In recent months, as the country’s export-driven juggernaut has been revived and many migrants have found jobs closer to home, the balance of power in places like Zhongshan has shifted, forcing employers to compete for new workers — and to prevent seasoned ones from defecting to sweeter prospects.

The shortage has emboldened workers and inspired a spate of strikes in and around Zhongshan that paralyzed Honda’s Chinese operations last month. The unrest then spread to the northern city of Tianjin, where strikers briefly paralyzed production at a Toyota car plant and a Japanese-owned electronics factory.

Although the walkouts were quelled with higher salaries, factory owners and labor experts said that the strikes have driven home a looming reality that had been predicted by demographers: the supply of workers 16 to 24 years old has peaked and will drop by a third in the next 12 years, thanks to stringent family-planning policies that have sharply reduced China’s population growth. ...
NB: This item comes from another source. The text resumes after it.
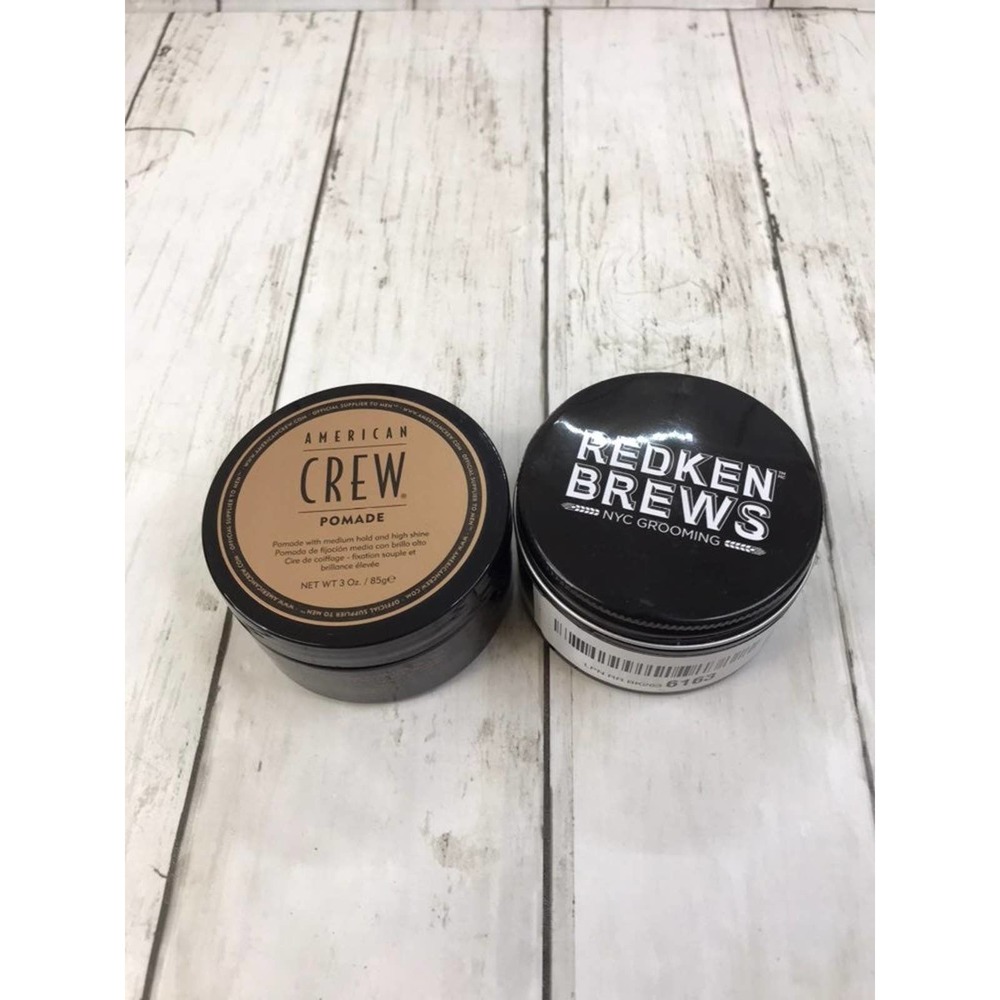 redken brews pomade and american crew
The other new reality, perhaps harder to quantify, is this: young Chinese factory workers, raised in a country with rapidly rising expectations, are less willing to toil for long hours for appallingly low wages like dutiful automatons.


I'm always skeptical of this sort of Tom Friedman-esque formulaic reporting, in which one or two (perhaps isolated) incidents are tied to a lazy statistic or two, and out pops a New Rule. So I certainly don't want to push this too far. But new UNC poli-sci professor Xi Chen has done research on contentious politics (e.g. the labor movement) in China, and his conclusion is that despite the popular imagination of Chinese social and economic organization as originating from top-down planning, quite a lot of it actually comes from a bottom-up process. (I believe a book on the topic is forthcoming soon.) A lot of low-level negotiation between employers and employees is certainly consistent with that thesis.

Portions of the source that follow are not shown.